Top of Stored data

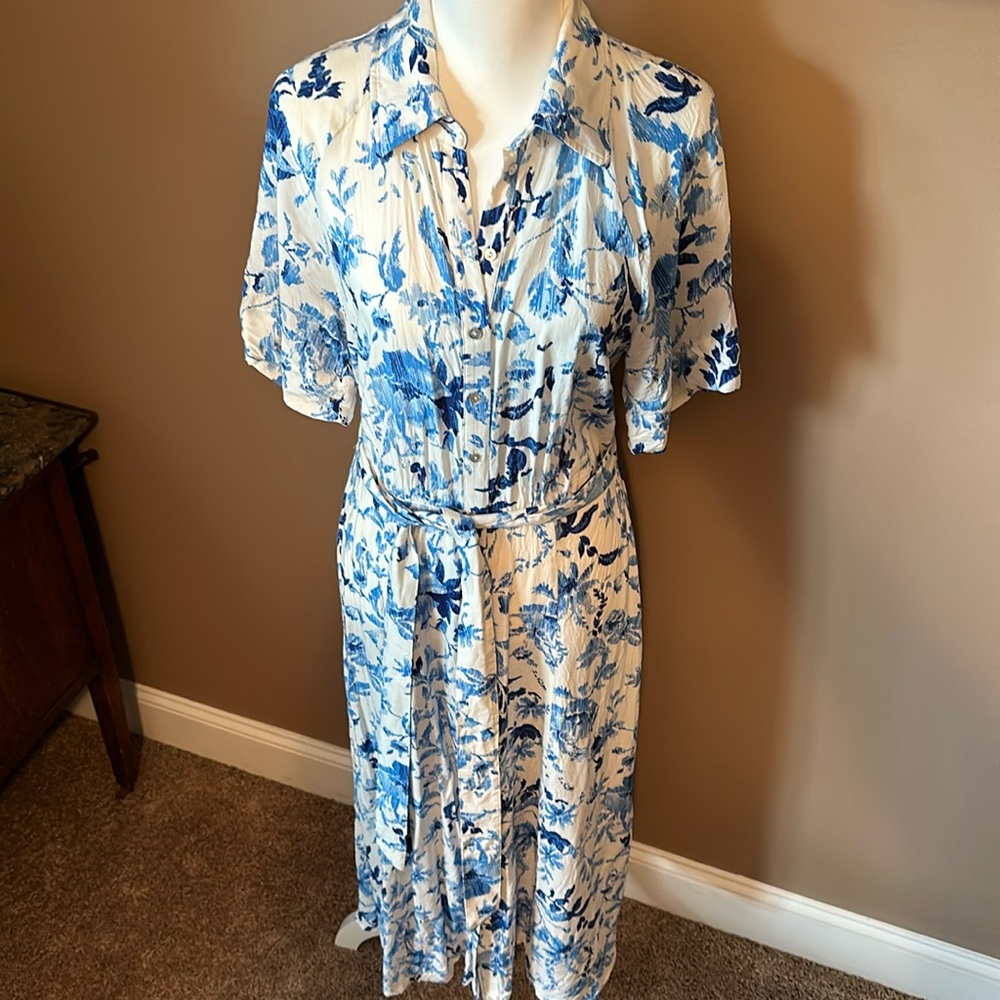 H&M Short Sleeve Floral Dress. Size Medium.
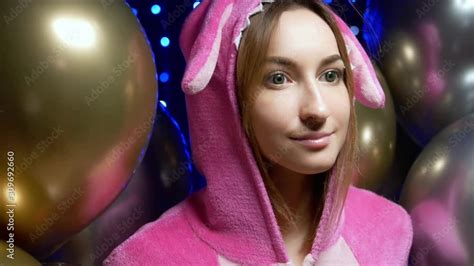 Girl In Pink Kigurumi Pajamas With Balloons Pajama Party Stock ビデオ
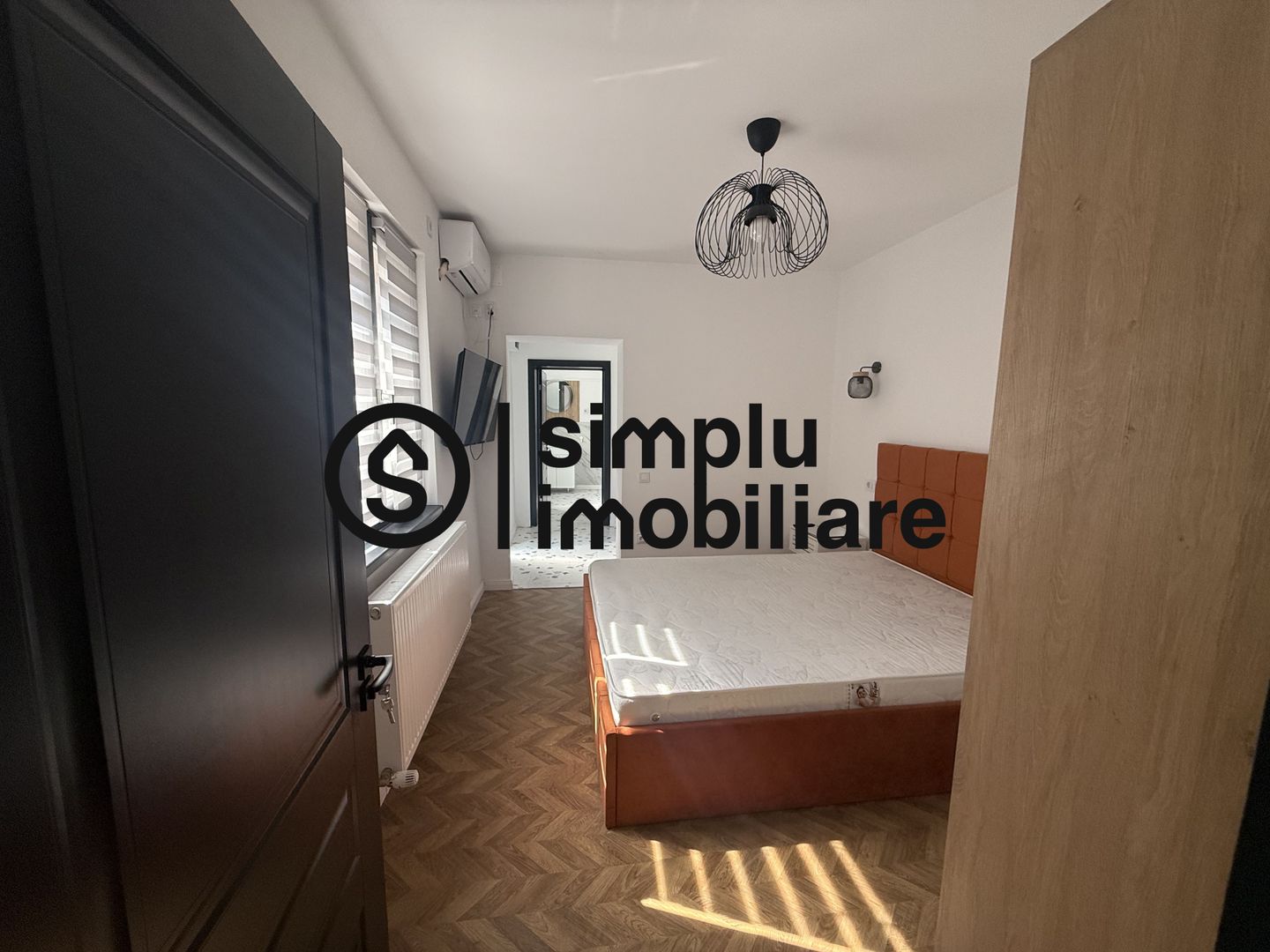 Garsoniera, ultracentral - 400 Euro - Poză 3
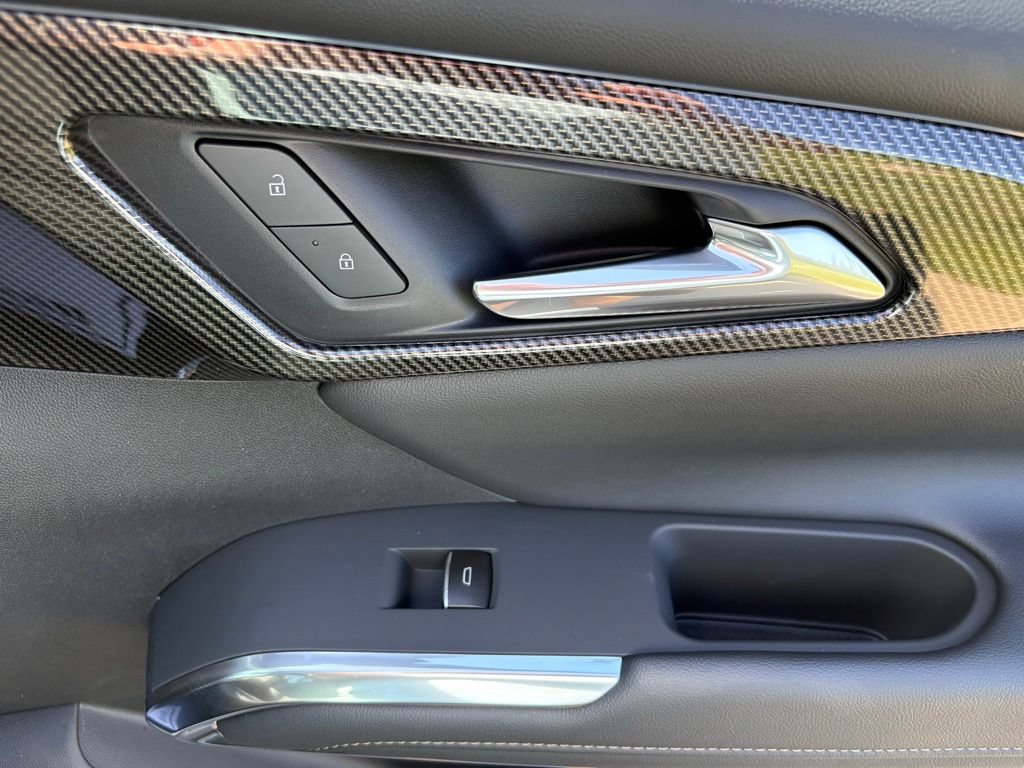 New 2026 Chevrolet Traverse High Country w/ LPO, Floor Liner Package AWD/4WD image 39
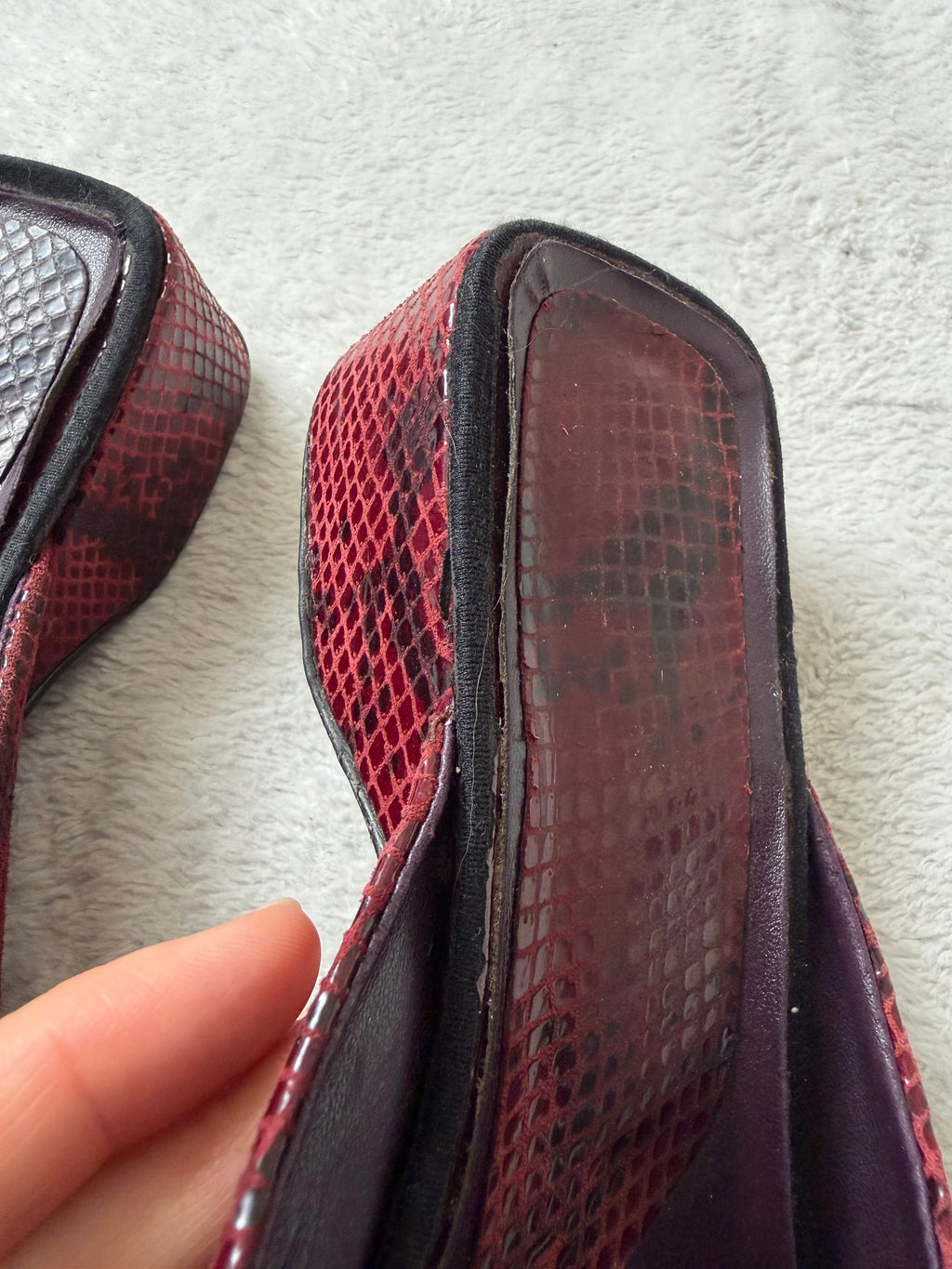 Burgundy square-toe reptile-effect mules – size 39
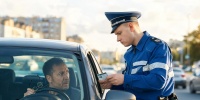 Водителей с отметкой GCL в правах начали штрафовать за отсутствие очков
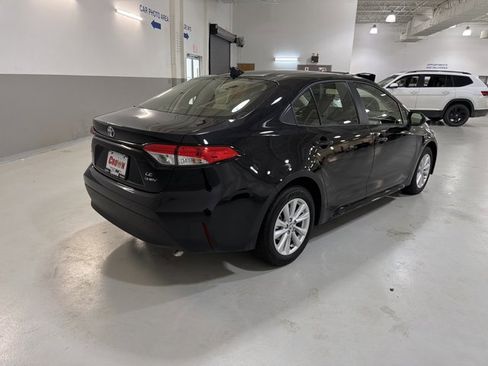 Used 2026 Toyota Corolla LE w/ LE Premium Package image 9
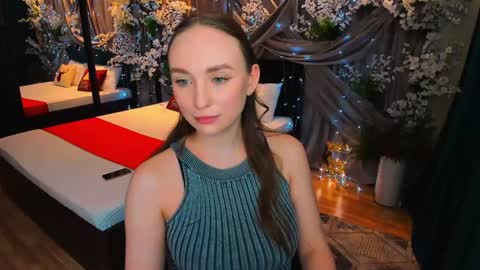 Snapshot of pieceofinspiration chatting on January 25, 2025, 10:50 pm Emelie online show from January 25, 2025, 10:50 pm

Bottom of Stored data

» **Task to carry out**
Produce a verbatim copy of every entry, excluding pictures.

» **Result**
 H&M Short Sleeve Floral Dress. Size Medium.
 Girl In Pink Kigurumi Pajamas With Balloons Pajama Party Stock ビデオ
 Garsoniera, ultracentral - 400 Euro - Poză 3
 New 2026 Chevrolet Traverse High Country w/ LPO, Floor Liner Package AWD/4WD image 39
 Burgundy square-toe reptile-effect mules – size 39
 Водителей с отметкой GCL в правах начали штрафовать за отсутствие очков
 Used 2026 Toyota Corolla LE w/ LE Premium Package image 9
 Snapshot of pieceofinspiration chatting on January 25, 2025, 10:50 pm Emelie online show from January 25, 2025, 10:50 pm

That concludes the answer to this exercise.